Aim of the exercise :: The line containing "Hacienda Galea Resort And Events Place", and every line after it to the end of the listing, should be repeated exactly; the pictures should not.

Material provided ::
····················
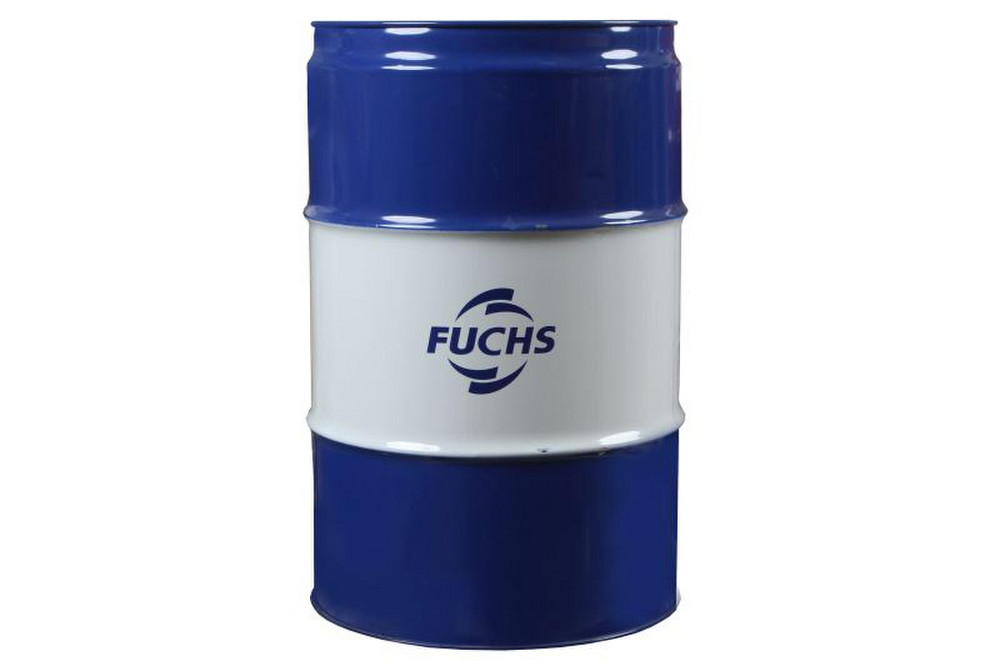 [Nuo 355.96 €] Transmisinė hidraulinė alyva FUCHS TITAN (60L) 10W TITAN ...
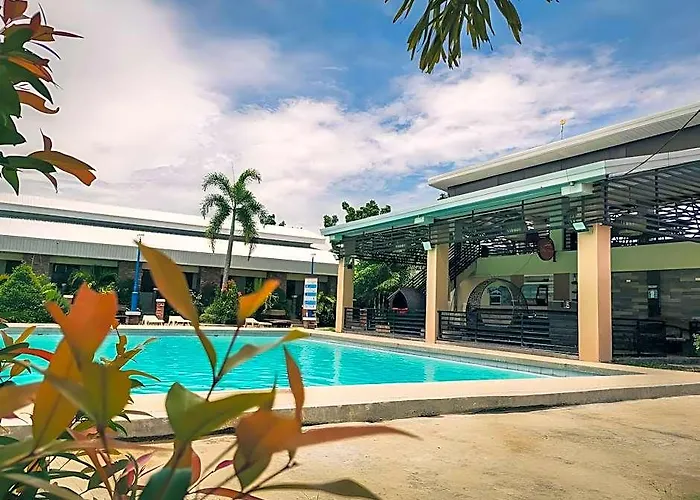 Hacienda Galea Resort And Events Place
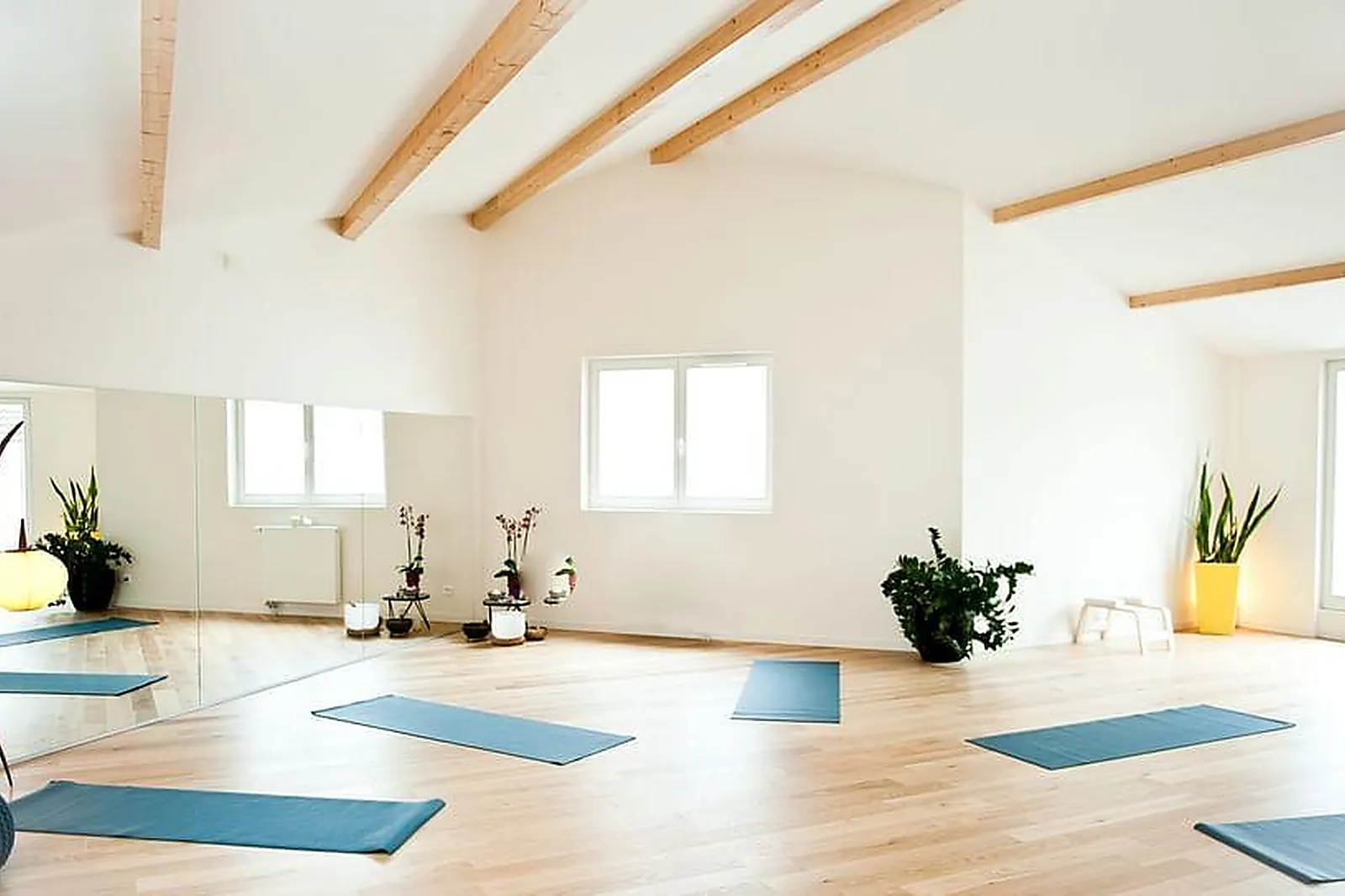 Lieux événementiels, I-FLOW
····················
Answer to this problem ::
 Hacienda Galea Resort And Events Place
 Lieux événementiels, I-FLOW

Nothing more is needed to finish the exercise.